Search Platform/Weekly Updates/2024-03-01

From Wikitech

Summary

Search Update Pipeline: we have 100% of writes using the new SUP for Cloudelastic. Operational concerns are solved, we will start deploying to production indices soon. The target of 90% of the update traffic migrated to SUP by the end of the quarter is likely to overflow to Q4 by a few weeks.

WDQS Graph Splitting: We are making progress in understanding better the Scholia use cases and helping them move forward by reviewing some scholia queries as a proof of concept that SPARQL federation is a viable alternative and by providing documentation on how to rewrite queries to use the graph split. The complexity isn't yet under control, both from a technical standpoint and from a change management standpoint. Scholia is also exploring alternate solutions, including running their own query service with a different RDF backend.

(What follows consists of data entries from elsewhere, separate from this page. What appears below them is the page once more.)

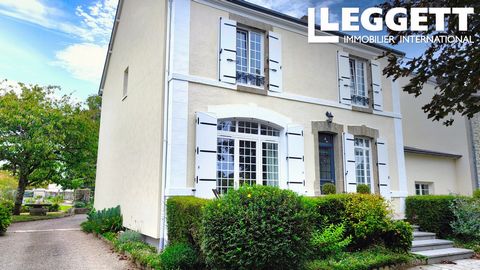 A16267 - If you are looking for something special for the family you must see this. Set in the vibrant town of Saint Sulpice les Feuilles this lovingly renovated four bedroom house has all the modern comforts but maintains her charm and dignity and w...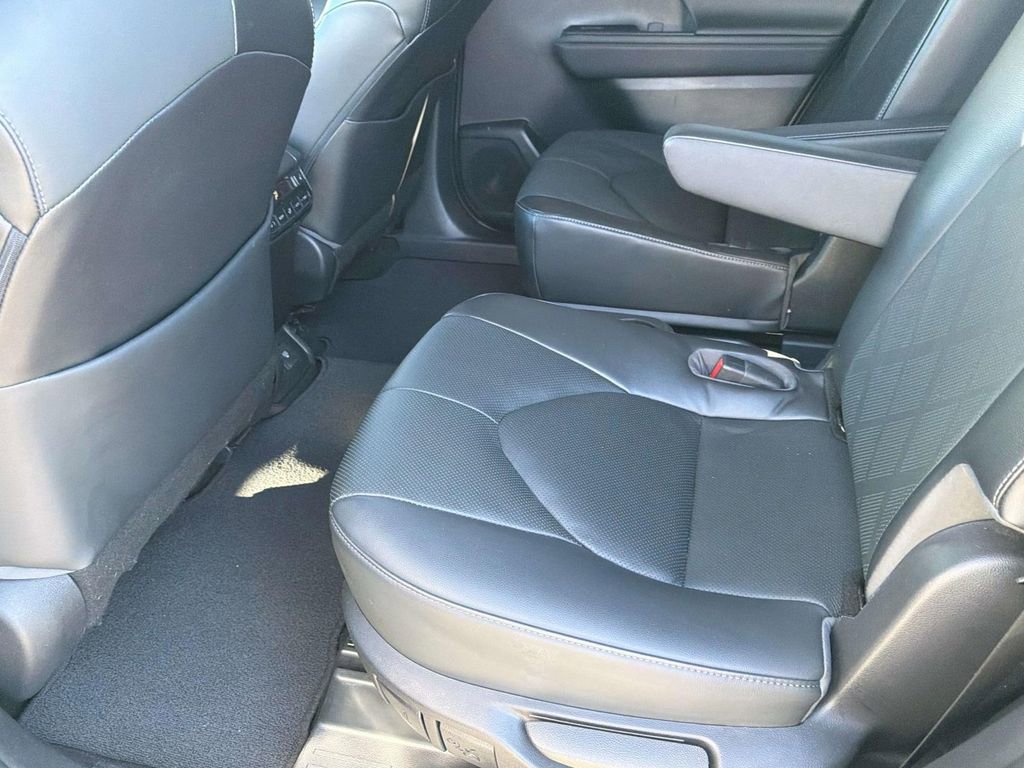 Used 2023 Toyota Highlander Platinum image 29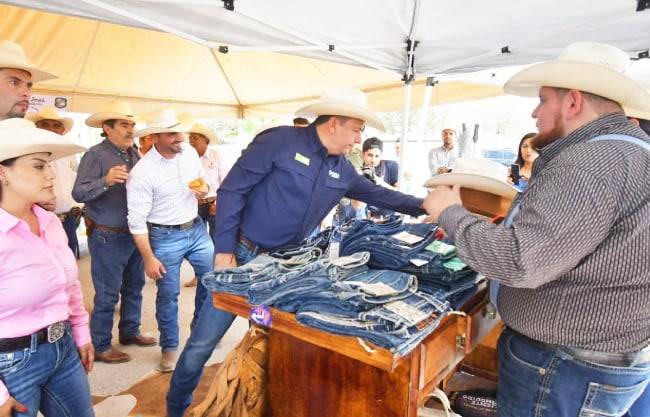 Celebran Expo Agroindustrial y ganadera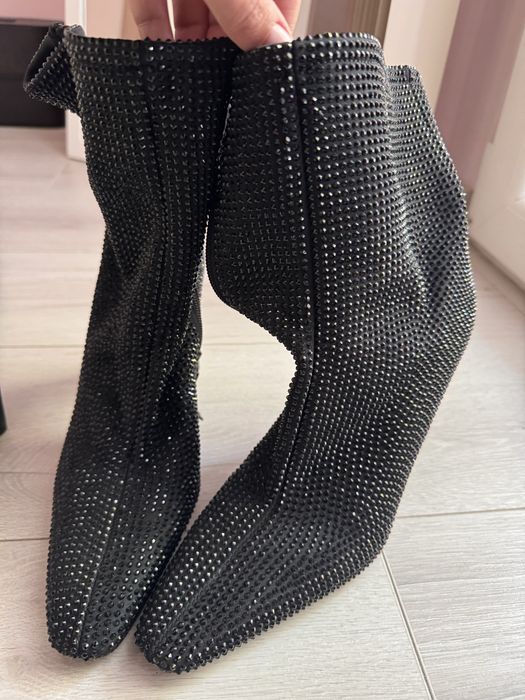 Високи боти zara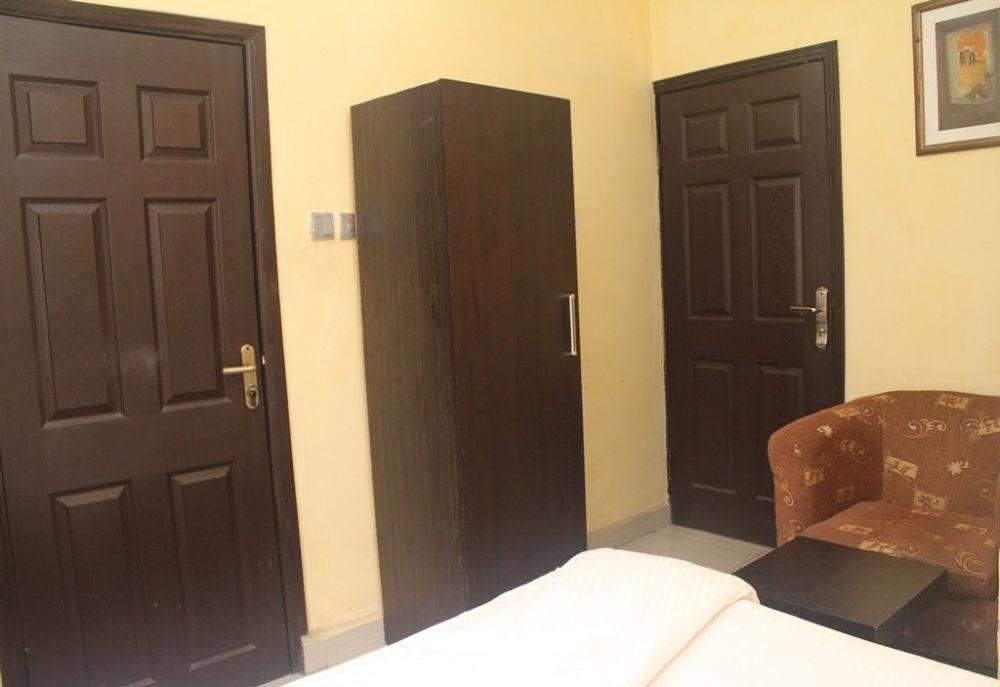 Chantella Suites Ikeja Exterior photo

We are doing experimentation with different hardware configuration to better understand how we could gain performance in loading the graph by throwing hardware at the problem.

What we've accomplished

WDQS graph splitting

  • Started a list of people that might help/be affected by the split to contact, Adam contacted one that might join the scholia/wikicite group, Luca should take care of the others.
  • Discussion with scholia/wikicite:
  • Working on federated queries examples [DC]
  • Potential hardware performance improvements:
    • AWS Neptune serverless completed latest-all.nt.bz2 in a total of 63 hours . AWS Neptune with a provisioned high power server (1.5 TB RAM, 96 vCPU) showed a speed increase of perhaps 60% over the serverless option, but was stopped to avoid further costs after an initial import on latest-all.nt.bz2 up to about 1.3B records.
    • https://phabricator.wikimedia.org/T358727 has been opened to test import on a server that already has an NVMe
    • AWS-based import speed tests. For example, AWS Neptune serverless with a maximum of 128 NCUs (an NCU is said to be 2 GB RAM and some level of attendant CPU) processed 7_750_230_000 records for window 26-February-2024 2:21:11 PM CT - 27-February-2024 1:46 PM CT; this import is ongoing. This is using the file latest-all.nt.bz2 from 16-February-2024, and as of this writing is utilizing about 70% of allocated CPU. An AWS Neptune import of latest-lexemes.nt.bz2 processed 163_715_491 records in 2142 seconds; the CPU utilization didn't seem to peak out during this import and was achieving about 50% utilization. EC2 imports seem capable of almost approaching the speed of an i7-8700 desktop gaming computer with 64 GB of RAM and attached NVMe, but thus far haven't shown a necessarily faster import possibility, just evidence that NVMe-based disks and faster CPUs both play a role in import speed, which is unsurprising, but worth validation.

Search Update Pipeline

Improve multilingual zero-results rate

  • built my regression test set for the dotted I (İ) fix task (https://phabricator.wikimedia.org/T358495) and did a quick test. It only does good things as long as we keep it away from languages that actually use dotted I and dottless i (İ/i and I/ı—this font is terrible for this!). The next thing is configuring it efficiently everywhere, while looking at removing it from configs that use icu_folding (which makes it redundant), and looking at how best to do İ/i and I/ı lowercasing (Turkish lowercasing or a quick mapping?) for the languages that need it.